The full per-provider table — grid type, access protocol, auth, verification
status, and the per-provider caveats (rolling archive windows, unverified
units, slow OPeNDAP paths, derivation notes) — lives in the
[provider catalog](https://darriey.github.io/CFS/catalog/), with the
machine-readable version in
[`inventory/providers.yaml`](inventory/providers.yaml).
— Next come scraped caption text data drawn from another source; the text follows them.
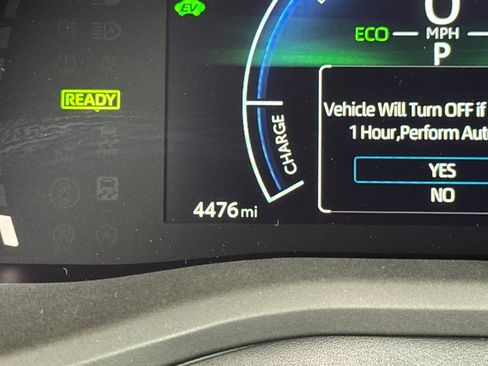 Certified 2025 Toyota Camry SE image 23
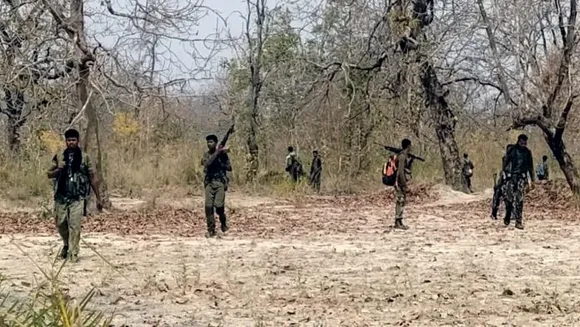 187 Insurgency-Related Incidents Take Place in NE This Year: MHA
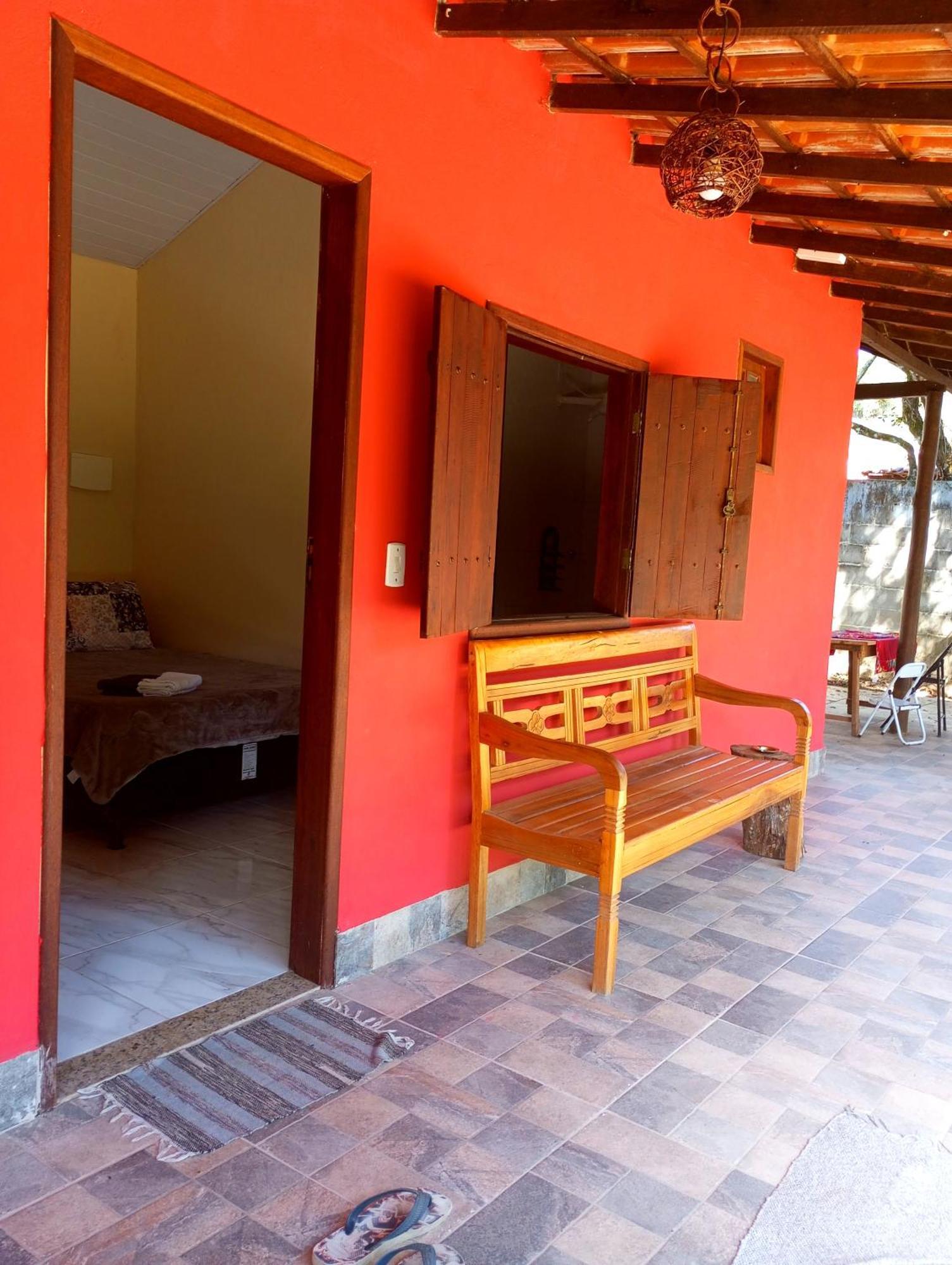 Villa Pareto Guest House Сана Экстерьер фото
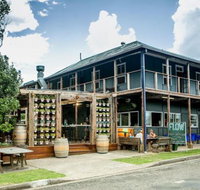 Boogie Woogie Beach House - Redcliffe Tourism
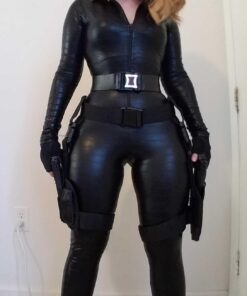 Vivoi 3 pc Drop Leg Gun Holster W/ 3 Magazine Pouches Pistol Pouch Tactical/Airsoft 20 71MkRAb31JL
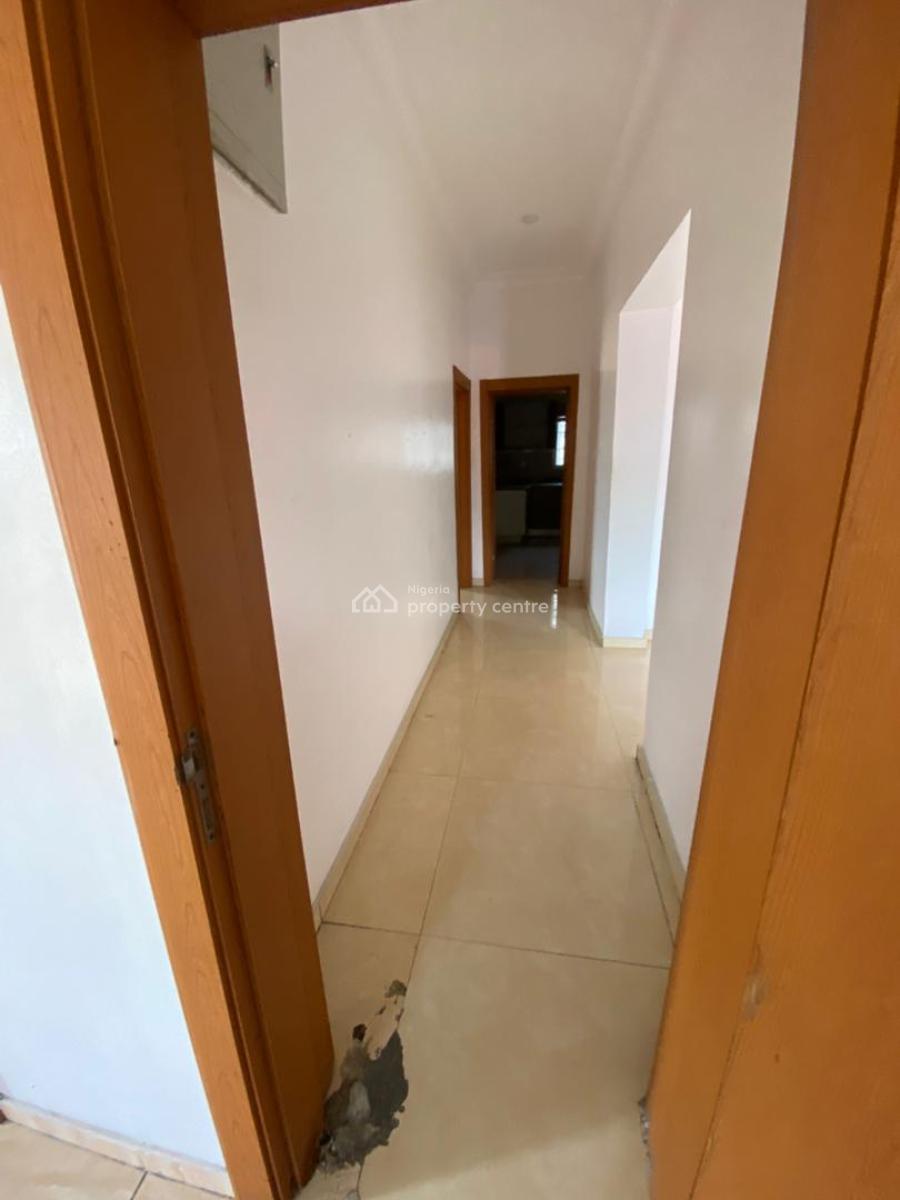 3 Bedroom, Ikota Villa, Lekki, Lagos, Flat / Apartment for Rent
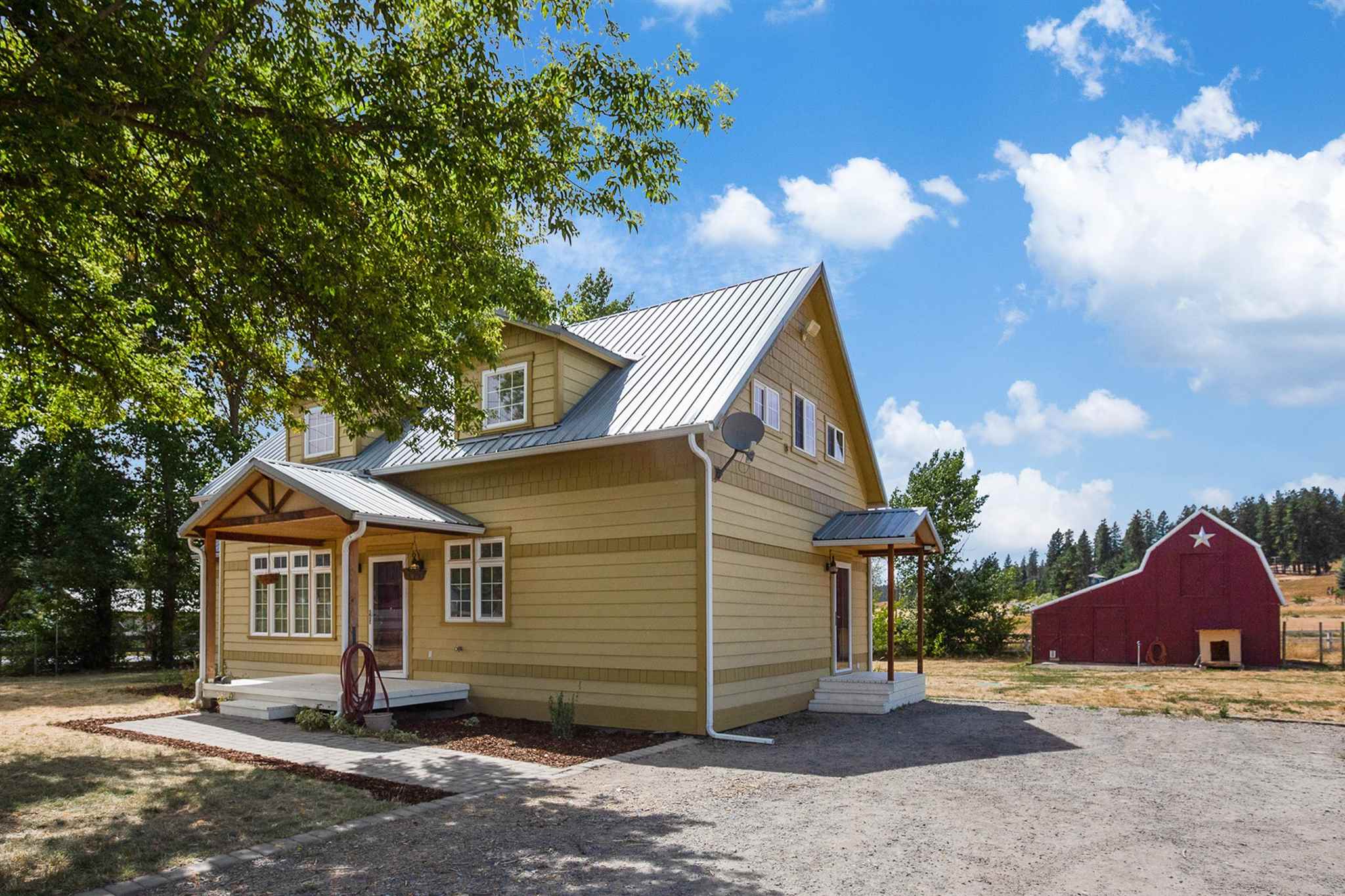 15919 North Madison Road Mead, WA 99021 - Photo 5 of 27 Gallery Image 5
CDS connectors need `~/.cdsapirc`; Earthdata connectors need
`EARTHDATA_TOKEN` (or `~/.netrc` / `EARTHDATA_USERNAME`+`PASSWORD`) with the
"NASA GESDISC DATA ARCHIVE" app authorized. GFS/GEFS need the `forecast`
extra:

```bash
pip install 'community-forcing-service[climate,cds,earthdata,forecast]'
```

Note that CFS is a passthrough service — every fetch hits the provider's live
store, so transient upstream outages (THREDDS restarts, S3 hiccups, CDS queue
congestion) can surface as fetch errors independent of CFS itself.

## Hardening / robustness

- **Range QC** (`cfs/qc.py`): every fetch samples the harmonized cube against
  each canonical variable's physical `valid_range` and reports out-of-range
  values in `FetchResult.warnings` — catching unit-conversion bugs (a precip
  flux of 8.6 instead of 1e-4) before they reach a model. Advisory; never fails
  a fetch. Toggle with `CFS_QC_ENABLED`.
- **Fetch guardrails**: shared `_guard_area` (`CFS_MAX_AREA_DEG2`) and
  cell-count (`CFS_MAX_CELLS_PER_FETCH`) checks on the base class refuse
  accidental continental/decadal pulls; enforced uniformly via `_finalize`.
- **Reset-aware de-accumulation** (`cfs/subset/deaccumulate.py`): running-total
  fields (ERA5-Land `tp`/`ssrd`/`strd`) are converted to per-step increments
  before unit conversion, handling daily resets.

## Derived variables

When a provider lacks a canonical field, CFS derives it once, in a tested place
(`cfs/derive/`). Currently: **specific humidity from relative humidity**
(`cfs/derive/humidity.py`, Bolton 1980 saturation vapour pressure) — used by
CARRA/CERRA, which ship 2 m RH rather than specific humidity. Derivation inputs
(RH) are consumed, not emitted: they do not appear in the canonical output.

## Tests

```bash
pytest -m 'not network'    # offline: harmonization + subsetting logic
pytest -m network          # integration: real ERA5 fetch from GCS
```

## Naming note

"CFS" also denotes NOAA's **Climate Forecast System** (CFSR/CFSv2), itself a
forcing product. If a CFSR connector is ever added it must use a disambiguated
slug (e.g. `cfsr`) to avoid collision with the service name.